Task description: Set down the whole listing below exactly. The pictures stay out.

Information shown:
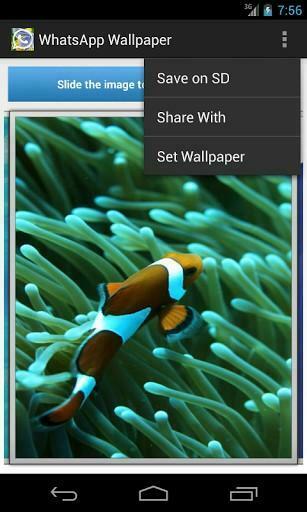 Bigger Wallpaper To Whatsapp For Android Screenshot
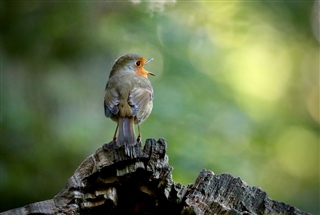 Robin singing sat on tree stump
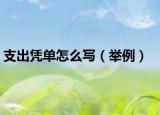 支出凭单怎么写（举例）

Exercise solution:
 Bigger Wallpaper To Whatsapp For Android Screenshot
 Robin singing sat on tree stump
 支出凭单怎么写（举例）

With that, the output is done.